Emmy warf einen erstaunten Blick auf Margot. Diese wußte aber keine Erklärung zu geben, sondern theilte das Erstaunen ihrer Gebieterin.

»Vielleicht ist sie in einem andern Zimmer?« meinte Miß Brown, und unterzog sich selbst der Durchsuchung des ganzen Hauses. Vergebens, von Esther war keine Spur zu finden. Da endlich fiel ihr Blick auf einen Brief, der in ihrem Schlafzimmer auf dem Nachttische lag. Er war an Emmy adressirt.

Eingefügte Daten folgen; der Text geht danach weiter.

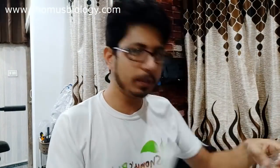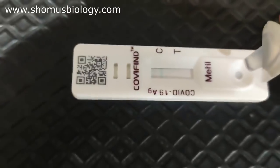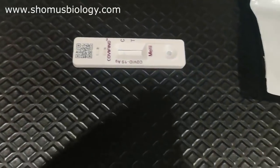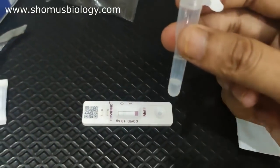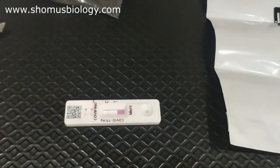Now we're going to put two drops into the cassette. Open the cassette — you can simply tear the packaging by hand. Add two drops of the buffer-swab mixture to the sample well — drop one, drop two. One difference I noticed compared to Coviself is that Covifind provides more buffer solution, so even if you waste one or two drops you can still use it.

Mit zitternden Händen entfaltete sie das Papier. – Ach, ihre schreckliche Ahnung hatte sie nicht getäuscht. Esther schrieb:

 

»Innig geliebte Schwester!

Ich verlasse dies Haus, das mir auf der ganzen Welt das liebste war. Mag aus mir werden, was da will, aber ich kann Dich nicht länger in der Gefahr lassen, die über Deinem Haupte schwebt. Werde ich ergriffen – wohl, ich bin auf Alles gefaßt; werde ich nicht ergriffen – desto besser; in jedem Falle aber wird man Dich nicht länger im Verdacht haben können, und Du hast nicht nöthig, Dich vor Deinen Feinden zu fürchten. Ich hoffe, Du hast Breckenridge nichts bewilligt. – Adieu, Schwester; noch einen Kuß, vielleicht den letzten, drücke ich auf Deine Lippen.

Esther.«

 

»Gütiger Himmel, so war das Opfer, das ich brachte, vergebens!« rief Emmy, zusammensinkend.